On Sunday, in DDL, one of the commenters presented a question that intrigued me. I wanted to answer it in the chat, but I knew anything other than a snarky answer would require some actual research. The question? Who is the best 'last' pick in the draft in NBA history?

The NBA Draft goes back to the very beginning of the league, though early records don't have pick-by-pick data beyond the first round. It does appear the records for 1954 are complete, and Joe Holup -- picked 100th overall -- would seem to be the first "last pick" to play in the NBA. However, from then through the 1989 draft, the only last pick to even play in a single regular-season NBA game was Roland West, who was selected 162nd overall in 1967 by the the Baltimore Bullets and played four games for them that season, finishing with four career points (but 10.3 points and 12.9 rebounds per 36 minutes!).

The draft got insanely long following the ABA-NBA merger, making it highly unlikely that any last pick would even sniff a roster. In 1984, Dan Trant was the final selection of the draft, coming in at 228th overall. The next season, the draft was cut from 10 rounds to seven, which was still too many. It finally dropped to three in 1988, then two a year later. Finally in 1990, another last pick actually cracked a roster: Sean Higgins (who won a national title with Michigan in 1989) was selected 54th overall by the Spurs, and went on to play 220 games for six teams over seven seasons.

Still, even with the shortening of the draft, it's an uphill battle for the last pick to ever make an NBA mark. Since 1989, just 10 of the 23 players selected last overall have played an NBA game, and only five of those have a career win shares total higher than 1.0.

As of right now, the answer to the initial question "Who is the best 'last' pick in the draft in NBA history?" is probably Don Reid. Selected 58th overall out of Georgetown in 1995, Reid played seven full seasons in the NBA (plus one game in his 8th and final season), and was actually a regular starter for a Pistons team that made the playoffs as a rookie. Reid finished his career with 403 games played, 149 starts, and 13.7 career win shares, which puts him more than five ahead of any other player selected last overall.

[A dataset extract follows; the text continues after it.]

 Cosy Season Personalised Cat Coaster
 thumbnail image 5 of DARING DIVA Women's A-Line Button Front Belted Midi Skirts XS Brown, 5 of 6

But Reid may not have his place in history for long, which I'd assume is why the DDLer (who I can't remember at this point) was asking the question in the first place. Kings guard Isaiah Thomas was selected with the final pick in the 2011 NBA draft and is already making an impact on the league. He's averaging 7.9 points per game, but 15.5 points per 36 minutes, which is more reflective of his production, particularly now that he's getting more consistent minutes for Sacramento. Thomas's PER of 16.5 is well above any mark Reid posted in any single season of his career.

Despite a productive college career, Thomas was overlooked on draft day because of his size. He's listed at 5-foot-9, and is one of the shortest players in modern NBA history. It's tough to project how his career will end up, but considering where he was drafted, he's already been more productive than the Kings could have expected.

While Thomas probably only needs to string together a couple more seasons like this one to be considered the best last pick ever, he's got a LONG way to go to be the best 60th pick -- both Michael Cooper and Hall-of-Famer Drazen Petrovic were drafted 60th overall, back when the draft was longer.